Digitizing CPT Plot

OpenCV | Data extraction by computer vision

Whether you are stumped over “how to deal with this CPT report” or are intimidated by “the lack of data,” “no budget for extra field work,” or the tedious hand scaling task among other issues, you may have come to the right place. In an attempt to make PDF data accessible for other purposes, I started a Python program using the computer vision libraries to extract data from the pixelated pages. My motivation was simple: to make my life processing data, especially historical CPT data, easier.

CPT data presented in the reports are typically not released to owners and end users.

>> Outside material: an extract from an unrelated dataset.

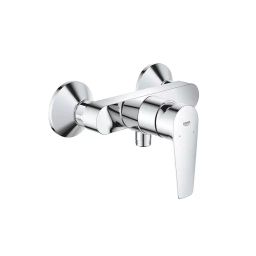 Grohe Bauedge Brass Chrome Finish Single Lever Exposed Shower Mixer (23636001)-39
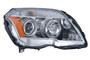 Hella 2009-2015 Mercedes-Benz GLK250 Headlight Assembly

Extracting the data involves a number of imaging techniques, including thresholding, color filtering, and noise reduction, to trace the data line. Once the desired data line is traced, it is then scaled to the input scales. Figure 1 below presents an example CPT tip stress plot. The left figure is the original figure as included in reports with OTSU threshold applied, and the center and right figures present extracted features with different processing methods, overlying the original plot. It becomes evident that various processing methods return distinct features, which highly dictates the extraction accuracy. For example, data coverage in the right figure (method 2) is greater than the center figure (method 1). However, it does a worse job in capturing abrupt features (i.e., spike in tip stress).

Figure 1. (Left) Image thresholding; and (Center and Right) Extracted features with method 1 and 2, respectively. Underlying gray line is the original data plot.

Plotting the actual data against the extracted data is a direct way to evaluate the linearity of two datasets. Furthermore, Pearson correlation analysis yields a result of r = .980, p = .000, indicating that both data are strongly correlated and statistically significant. Although this digitizing tool is not perfect, the output data, including tip stress (qt), sleeve friction (fs), and pore pressure (u), are around 5% error or less for use in analysis or design. As of now, the program is limited to PDFs and software-generated images. Further improvements in the development of distorted and scanned CPT plots, and better data capturing are under process.

Figure 2. Comparison of actual data and extracted data using arithmetic scale.

Last update: 10/2023